Rather than waiting to find out what went wrong and working to fix it, E&C passed an expansive new bill that micromanages federal offshore oil rig technical requirements, in a “shoot first and then ask questions” approach that helps explain congress’s growing dislike by the public.
Although it is common today for congress to leap before they look in an attempt to be seen as doing something, anything, about the issue du jour, it was not always so. For example, when the Space Shuttle Challenger explosion in 1986 prompted the establishment of a blue ribbon presidential commission to investigate, they discovered the problem and said this about the legislative branch of government in their report:
“Congress recognized the desirability, in the first instance, of having a single investigation of this national tragedy. It very responsibly agreed to await the Commission’s findings before deciding what further action might be necessary to carry out its responsibilities.
In today’s case of the gulf spill, the president has appointed a panel of apparently like-minded individuals so controversial that committees in both the House and Senate have passed legislation establishing an independent panel, including in an amendment to Mr. Waxman’s bill. And with the passage of this bill, congress is clearly not “responsibly await(ing) the Commission’s findings.”

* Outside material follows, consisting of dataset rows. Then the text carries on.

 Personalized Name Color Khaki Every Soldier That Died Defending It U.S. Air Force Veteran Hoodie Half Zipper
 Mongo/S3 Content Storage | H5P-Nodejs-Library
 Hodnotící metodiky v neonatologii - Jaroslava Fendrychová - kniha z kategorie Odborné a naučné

But in what is the most stunning power grab of all, the bill for the first time ever requires federal permission for every onshore oil or gas well drilled in the United States, including those on state and private lands. If you’re wondering why a bill prompted by an offshore oil spill should have any effect on wells on land, you’re not alone. Washington politicians apparently think they can do everything better than states and local governments. And they also appear to never want to “let a crisis go to waste.”

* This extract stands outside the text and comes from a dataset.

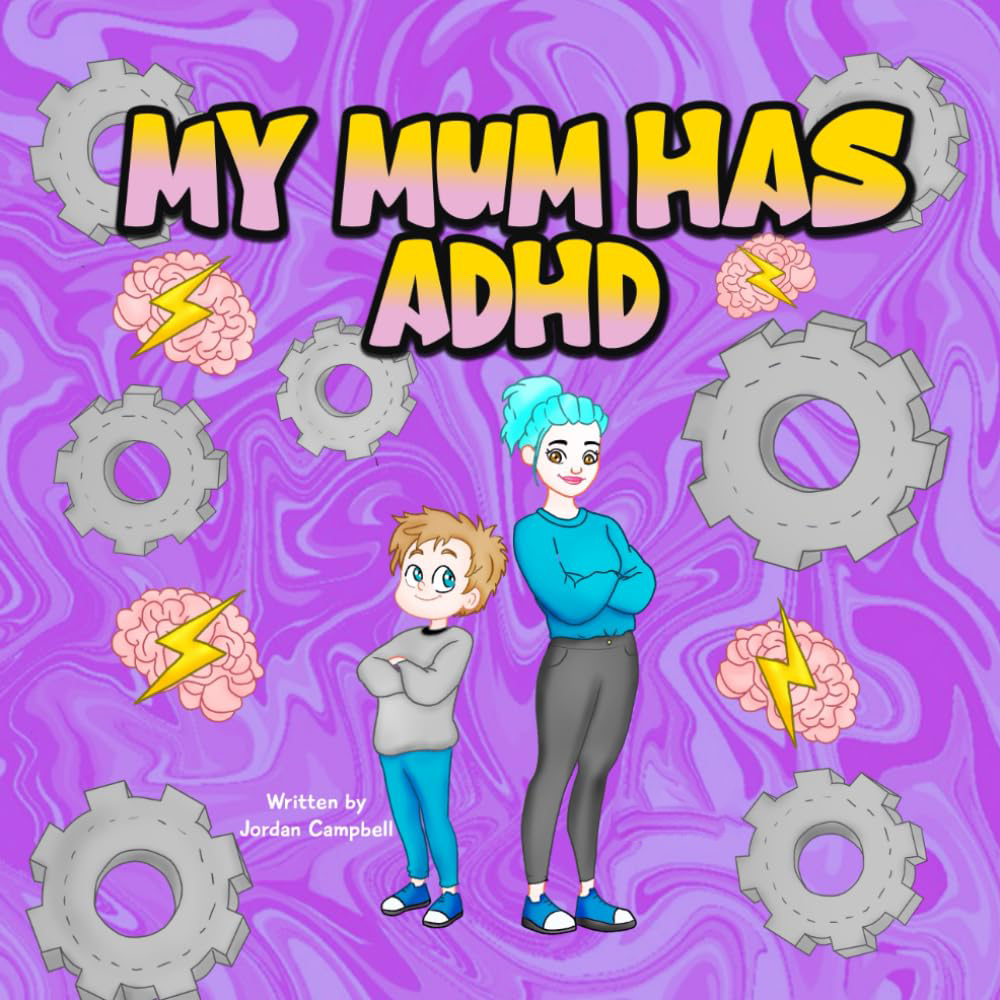 My Mum Has ADHD - Cover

Ever since Colonel Drake drilled the first well in 1859, permitting wells on private and state lands has been the responsibility of the States. Certain federal laws, such as the Clean Air Act and Clean Water Act, apply to the drilling of a well, but not the actual practice of drilling the well. The Waxman bill makes state regulation of wells subject to federal approval, and in the absence of such approval, requires operators to obtain federal permits. In other words, drilling an oil or gas well under this bill has become federalized.
Currently, there are about 1 million producing oil and gas wells spread throughout the United States, the vast majority on state and private lands. States have adjusted their permitting to meet the conditions on the ground and have a stellar track record of working to enhance and improve operational safety while minimizing environmental impacts. After all, a state’s residents are the ones who live with the consequences of bad decisions, and are best prepared to balance the costs and benefits of a particular regulation.
But under this bill Texas – with almost 250,000 operating wells and California – with over 50,000 wells, are deemed incapable of what they’ve been doing for a century unless they seek and are awarded federal approval. And while “marginal wells” (those producing 10 barrels or less per day) are exempted from the bill, it is silent on how someone can validate that a well he intends to drill is marginal before he drills it.
This is the kind of nonsense that passes for legislation today. The only thing that is certain about this bill is that it will make it harder to produce domestic energy, create uncertainty for domestic producers and all the jobs they support, and lead to making the US less competitive in energy production and more reliant on foreign sources of energy made competitive by the visible hand of government malfeasance.
If it is truly Washington’s wish to “get us off of oil” they should have the discussion out in the open, rather than hiding it behind the public’s rational concern about the spill in the Gulf. Leadership in Washington also requires them to review whether their own actions are making our energy outlook worse, rather than better. But don’t expect to see those types of hearings from a group that leaps before it looks.